Wednesday, December 3, 2014

In Response to Complaints over the Ultra-Narrow Networks Spawned by Obamacare, New Rules Proposed

The National Association of Insurance Commissioners (NAIC) has released draft regulations regarding the adequacy of health plan provider networks including in the Exchanges set up under PPACA.  The new draft model act can be found here.

According to Employee Benefit News:
... CMS has stated it will revise its own network adequacy laws based on what the NAIC recommends.... 
“Accordingly, it is important for any insurer that utilizes provider networks and for the provider networks themselves to understand how these provisions may impact them.” 
The draft model law includes several changes to the existing NAIC model, most notably the use of the term “managed care plan” has been replaced by “network plan.” 
NAIC says in the draft that the term “is intentionally broad in order to apply to health benefit plans using any type of requirement or incentive for enrollees to choose certain providers over others, such as HMOs, EPOs, PPOs and including accountable care organizations (ACOs) and other models of health care delivery systems.” 
Some states may wish to limit the definition by regulation to exclude plans having broad-based provider networks that meet specified standards, the draft adds.  
While the model law has always required issuers to ensure and maintain adequate patient access to providers, the draft model law now includes a requirement for health plan issuers to submit access plans to state regulators. 
States are given the option to require approval of the access plan by the insurance commissioner, or simply require the access plan be filed with the state.

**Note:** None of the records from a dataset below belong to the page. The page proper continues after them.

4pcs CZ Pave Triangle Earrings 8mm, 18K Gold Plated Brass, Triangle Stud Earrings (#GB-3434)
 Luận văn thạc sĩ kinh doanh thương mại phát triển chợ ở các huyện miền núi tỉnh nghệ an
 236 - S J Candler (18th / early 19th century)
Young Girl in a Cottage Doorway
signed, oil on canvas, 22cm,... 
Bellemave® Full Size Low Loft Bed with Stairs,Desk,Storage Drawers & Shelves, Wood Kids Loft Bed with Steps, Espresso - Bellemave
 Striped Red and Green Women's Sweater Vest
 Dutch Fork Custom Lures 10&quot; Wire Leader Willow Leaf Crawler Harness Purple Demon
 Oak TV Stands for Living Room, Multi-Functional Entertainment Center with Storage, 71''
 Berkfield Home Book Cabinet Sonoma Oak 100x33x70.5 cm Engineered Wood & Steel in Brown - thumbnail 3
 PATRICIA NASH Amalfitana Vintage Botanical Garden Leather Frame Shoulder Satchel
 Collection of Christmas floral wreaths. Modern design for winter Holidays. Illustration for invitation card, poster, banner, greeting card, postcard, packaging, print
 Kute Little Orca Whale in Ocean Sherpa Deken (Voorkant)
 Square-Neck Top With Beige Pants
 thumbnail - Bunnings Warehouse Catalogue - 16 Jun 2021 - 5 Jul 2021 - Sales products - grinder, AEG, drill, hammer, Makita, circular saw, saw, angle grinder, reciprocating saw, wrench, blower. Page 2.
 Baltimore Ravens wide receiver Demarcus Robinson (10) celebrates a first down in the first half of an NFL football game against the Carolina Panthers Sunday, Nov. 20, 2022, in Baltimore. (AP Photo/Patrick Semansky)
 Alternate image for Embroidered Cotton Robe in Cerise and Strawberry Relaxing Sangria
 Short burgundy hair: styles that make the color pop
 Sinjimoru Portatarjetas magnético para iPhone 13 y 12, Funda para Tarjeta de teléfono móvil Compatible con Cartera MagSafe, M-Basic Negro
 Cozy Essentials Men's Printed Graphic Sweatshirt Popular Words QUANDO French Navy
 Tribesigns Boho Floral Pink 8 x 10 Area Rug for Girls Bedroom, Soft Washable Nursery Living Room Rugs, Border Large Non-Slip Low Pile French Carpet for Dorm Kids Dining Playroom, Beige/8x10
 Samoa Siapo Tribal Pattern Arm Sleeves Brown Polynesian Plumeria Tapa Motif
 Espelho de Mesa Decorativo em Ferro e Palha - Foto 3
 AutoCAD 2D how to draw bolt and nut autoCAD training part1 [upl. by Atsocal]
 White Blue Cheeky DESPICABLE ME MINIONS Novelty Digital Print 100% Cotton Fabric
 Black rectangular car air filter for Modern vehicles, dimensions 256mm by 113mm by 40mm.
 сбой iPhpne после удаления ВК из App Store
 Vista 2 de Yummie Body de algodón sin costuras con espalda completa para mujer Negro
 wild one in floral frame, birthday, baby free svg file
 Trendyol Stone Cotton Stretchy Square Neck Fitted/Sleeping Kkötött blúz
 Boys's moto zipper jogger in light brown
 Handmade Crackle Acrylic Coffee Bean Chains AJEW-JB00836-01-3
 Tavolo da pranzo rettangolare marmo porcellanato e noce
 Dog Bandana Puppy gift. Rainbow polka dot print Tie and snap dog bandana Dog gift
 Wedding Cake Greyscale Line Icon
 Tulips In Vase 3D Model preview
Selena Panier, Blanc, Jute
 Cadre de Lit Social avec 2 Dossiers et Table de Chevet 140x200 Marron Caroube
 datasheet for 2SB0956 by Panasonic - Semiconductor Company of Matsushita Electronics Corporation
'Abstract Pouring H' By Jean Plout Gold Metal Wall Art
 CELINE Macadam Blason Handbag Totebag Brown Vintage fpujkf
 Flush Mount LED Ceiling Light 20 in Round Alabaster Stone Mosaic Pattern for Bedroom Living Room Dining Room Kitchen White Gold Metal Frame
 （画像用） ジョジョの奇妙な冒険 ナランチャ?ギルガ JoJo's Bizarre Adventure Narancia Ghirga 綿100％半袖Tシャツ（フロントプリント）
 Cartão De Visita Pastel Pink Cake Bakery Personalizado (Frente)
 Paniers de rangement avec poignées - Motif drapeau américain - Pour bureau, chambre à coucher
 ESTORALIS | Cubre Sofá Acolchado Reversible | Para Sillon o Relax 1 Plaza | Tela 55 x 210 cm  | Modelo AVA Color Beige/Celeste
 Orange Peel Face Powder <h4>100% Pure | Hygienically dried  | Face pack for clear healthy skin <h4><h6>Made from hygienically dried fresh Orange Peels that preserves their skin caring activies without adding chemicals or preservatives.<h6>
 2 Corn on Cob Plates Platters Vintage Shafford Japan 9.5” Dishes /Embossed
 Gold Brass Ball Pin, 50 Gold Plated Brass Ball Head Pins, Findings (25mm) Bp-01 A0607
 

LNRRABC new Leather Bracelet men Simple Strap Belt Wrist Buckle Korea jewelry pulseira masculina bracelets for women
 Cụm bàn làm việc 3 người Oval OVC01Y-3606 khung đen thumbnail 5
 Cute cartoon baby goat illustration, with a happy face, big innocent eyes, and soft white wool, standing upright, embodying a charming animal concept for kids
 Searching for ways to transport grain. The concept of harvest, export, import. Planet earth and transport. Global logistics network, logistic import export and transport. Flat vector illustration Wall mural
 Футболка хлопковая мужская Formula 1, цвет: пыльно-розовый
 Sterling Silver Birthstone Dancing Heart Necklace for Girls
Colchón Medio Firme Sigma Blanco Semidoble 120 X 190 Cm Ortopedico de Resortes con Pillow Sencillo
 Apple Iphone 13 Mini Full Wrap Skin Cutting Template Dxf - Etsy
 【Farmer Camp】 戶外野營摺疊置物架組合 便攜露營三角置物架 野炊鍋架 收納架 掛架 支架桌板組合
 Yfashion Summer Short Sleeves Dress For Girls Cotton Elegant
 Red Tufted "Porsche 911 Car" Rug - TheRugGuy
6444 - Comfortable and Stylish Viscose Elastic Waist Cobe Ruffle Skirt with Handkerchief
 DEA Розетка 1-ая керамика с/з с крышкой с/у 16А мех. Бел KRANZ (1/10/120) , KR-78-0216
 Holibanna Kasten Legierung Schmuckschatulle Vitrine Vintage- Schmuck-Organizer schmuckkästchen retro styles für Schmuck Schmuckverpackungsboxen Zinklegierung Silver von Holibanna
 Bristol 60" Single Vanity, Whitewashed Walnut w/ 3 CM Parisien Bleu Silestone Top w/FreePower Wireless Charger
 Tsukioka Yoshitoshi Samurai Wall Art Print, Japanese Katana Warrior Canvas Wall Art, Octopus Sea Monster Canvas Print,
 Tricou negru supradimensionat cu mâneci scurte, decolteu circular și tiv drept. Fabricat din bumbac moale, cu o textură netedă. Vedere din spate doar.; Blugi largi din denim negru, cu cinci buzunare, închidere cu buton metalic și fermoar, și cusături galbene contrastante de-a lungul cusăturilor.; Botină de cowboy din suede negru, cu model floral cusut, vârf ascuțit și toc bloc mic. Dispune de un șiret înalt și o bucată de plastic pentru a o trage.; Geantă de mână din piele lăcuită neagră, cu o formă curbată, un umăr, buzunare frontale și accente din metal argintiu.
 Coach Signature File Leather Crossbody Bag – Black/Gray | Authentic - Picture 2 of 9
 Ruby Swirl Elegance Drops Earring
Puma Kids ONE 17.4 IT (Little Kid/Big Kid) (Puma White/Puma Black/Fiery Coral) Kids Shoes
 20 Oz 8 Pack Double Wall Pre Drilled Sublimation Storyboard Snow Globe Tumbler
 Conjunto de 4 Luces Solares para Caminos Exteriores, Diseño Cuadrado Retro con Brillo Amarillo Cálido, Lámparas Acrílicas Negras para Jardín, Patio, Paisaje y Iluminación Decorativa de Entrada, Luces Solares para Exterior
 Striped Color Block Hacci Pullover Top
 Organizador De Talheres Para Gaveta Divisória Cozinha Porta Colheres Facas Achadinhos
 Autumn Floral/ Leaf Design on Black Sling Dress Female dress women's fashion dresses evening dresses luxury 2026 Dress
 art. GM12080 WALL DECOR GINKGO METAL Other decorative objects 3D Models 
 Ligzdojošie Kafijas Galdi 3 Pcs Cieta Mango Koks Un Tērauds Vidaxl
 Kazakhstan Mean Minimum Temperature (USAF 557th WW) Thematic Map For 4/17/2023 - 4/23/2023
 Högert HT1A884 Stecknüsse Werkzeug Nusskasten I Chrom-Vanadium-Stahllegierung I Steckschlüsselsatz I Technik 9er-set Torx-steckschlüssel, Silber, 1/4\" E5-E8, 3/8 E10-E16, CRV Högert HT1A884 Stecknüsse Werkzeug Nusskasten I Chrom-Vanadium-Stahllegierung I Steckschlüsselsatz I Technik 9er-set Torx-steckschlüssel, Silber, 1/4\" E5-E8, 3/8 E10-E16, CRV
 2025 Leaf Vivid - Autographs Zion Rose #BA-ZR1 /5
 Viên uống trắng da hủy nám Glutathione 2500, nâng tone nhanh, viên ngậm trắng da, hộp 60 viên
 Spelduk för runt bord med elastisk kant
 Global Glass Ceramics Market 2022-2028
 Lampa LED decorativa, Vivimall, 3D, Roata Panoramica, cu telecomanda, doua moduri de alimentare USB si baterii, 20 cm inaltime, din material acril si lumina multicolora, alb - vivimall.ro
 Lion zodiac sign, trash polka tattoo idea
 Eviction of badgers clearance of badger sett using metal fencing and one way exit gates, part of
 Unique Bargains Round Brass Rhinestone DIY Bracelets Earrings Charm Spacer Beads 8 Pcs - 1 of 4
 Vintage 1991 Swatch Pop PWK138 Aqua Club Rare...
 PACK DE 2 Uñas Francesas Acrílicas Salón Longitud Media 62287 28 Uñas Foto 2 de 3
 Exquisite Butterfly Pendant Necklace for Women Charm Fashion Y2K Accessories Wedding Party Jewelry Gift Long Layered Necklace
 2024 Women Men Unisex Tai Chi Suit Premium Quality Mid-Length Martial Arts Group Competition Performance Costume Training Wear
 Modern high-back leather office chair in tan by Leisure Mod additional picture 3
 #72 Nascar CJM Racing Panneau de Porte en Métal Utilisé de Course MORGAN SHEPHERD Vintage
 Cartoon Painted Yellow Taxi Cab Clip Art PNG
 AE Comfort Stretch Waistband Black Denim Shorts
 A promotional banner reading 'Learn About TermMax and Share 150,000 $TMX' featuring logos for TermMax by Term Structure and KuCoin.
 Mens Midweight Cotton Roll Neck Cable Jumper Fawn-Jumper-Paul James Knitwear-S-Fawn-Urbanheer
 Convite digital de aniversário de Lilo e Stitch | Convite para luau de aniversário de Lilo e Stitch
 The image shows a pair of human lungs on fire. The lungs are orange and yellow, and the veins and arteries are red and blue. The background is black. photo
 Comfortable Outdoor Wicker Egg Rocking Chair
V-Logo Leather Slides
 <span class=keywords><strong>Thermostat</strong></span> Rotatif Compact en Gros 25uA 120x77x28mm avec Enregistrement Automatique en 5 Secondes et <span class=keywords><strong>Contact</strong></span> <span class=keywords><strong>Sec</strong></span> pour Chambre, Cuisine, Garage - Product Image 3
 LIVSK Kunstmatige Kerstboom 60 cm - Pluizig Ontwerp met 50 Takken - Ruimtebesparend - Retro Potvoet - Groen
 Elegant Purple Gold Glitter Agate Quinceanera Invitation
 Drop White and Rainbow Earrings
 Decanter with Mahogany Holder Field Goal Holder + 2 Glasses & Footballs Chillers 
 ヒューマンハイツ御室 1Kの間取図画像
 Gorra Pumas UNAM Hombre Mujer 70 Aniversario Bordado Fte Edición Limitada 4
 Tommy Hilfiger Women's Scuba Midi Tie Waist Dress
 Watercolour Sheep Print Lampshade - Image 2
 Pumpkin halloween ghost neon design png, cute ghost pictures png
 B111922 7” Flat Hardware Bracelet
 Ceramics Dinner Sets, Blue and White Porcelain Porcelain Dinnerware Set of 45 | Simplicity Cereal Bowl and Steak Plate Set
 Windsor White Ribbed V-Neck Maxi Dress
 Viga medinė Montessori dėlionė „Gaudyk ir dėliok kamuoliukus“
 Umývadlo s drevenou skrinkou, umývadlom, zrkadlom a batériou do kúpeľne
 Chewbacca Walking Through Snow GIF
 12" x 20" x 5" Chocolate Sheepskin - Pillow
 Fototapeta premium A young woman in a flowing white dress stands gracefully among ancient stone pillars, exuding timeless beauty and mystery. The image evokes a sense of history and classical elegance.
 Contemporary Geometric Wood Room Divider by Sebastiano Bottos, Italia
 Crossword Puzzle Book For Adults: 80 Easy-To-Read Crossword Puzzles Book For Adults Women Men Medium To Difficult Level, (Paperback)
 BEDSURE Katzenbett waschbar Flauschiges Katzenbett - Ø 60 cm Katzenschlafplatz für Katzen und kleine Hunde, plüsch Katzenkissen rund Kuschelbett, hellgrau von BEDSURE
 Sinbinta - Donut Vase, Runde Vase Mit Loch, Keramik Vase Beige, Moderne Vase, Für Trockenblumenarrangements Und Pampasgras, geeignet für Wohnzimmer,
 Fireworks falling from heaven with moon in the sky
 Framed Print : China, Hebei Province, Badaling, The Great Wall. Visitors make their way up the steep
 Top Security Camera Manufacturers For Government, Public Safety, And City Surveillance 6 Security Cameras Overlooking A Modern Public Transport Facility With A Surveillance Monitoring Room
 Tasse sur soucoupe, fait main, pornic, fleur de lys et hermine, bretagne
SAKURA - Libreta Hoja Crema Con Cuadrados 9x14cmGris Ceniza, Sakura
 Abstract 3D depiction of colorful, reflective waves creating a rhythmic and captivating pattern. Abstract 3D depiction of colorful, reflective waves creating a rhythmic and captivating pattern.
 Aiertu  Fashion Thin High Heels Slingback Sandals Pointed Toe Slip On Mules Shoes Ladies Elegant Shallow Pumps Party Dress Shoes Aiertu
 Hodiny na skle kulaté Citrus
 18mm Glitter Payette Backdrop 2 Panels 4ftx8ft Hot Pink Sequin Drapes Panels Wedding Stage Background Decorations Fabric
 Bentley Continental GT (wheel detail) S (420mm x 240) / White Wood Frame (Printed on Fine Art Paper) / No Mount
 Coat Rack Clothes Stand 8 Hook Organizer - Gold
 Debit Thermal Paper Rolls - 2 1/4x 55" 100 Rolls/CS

The draft model law also includes new criteria to be used in determining the sufficiency of a provider network, including geographic population dispersion and new health care options such as telehealth and telemedicine. Under the draft model law, network plans are also required to maintain an online provider directory and update it at least monthly. 
Print copies of provider directories must be available upon request, as well as accessible versions of the directories for individuals with disabilities or limited English language proficiency. 
The NAIC is accepting comments until Jan. 12, 2015, on the draft model law.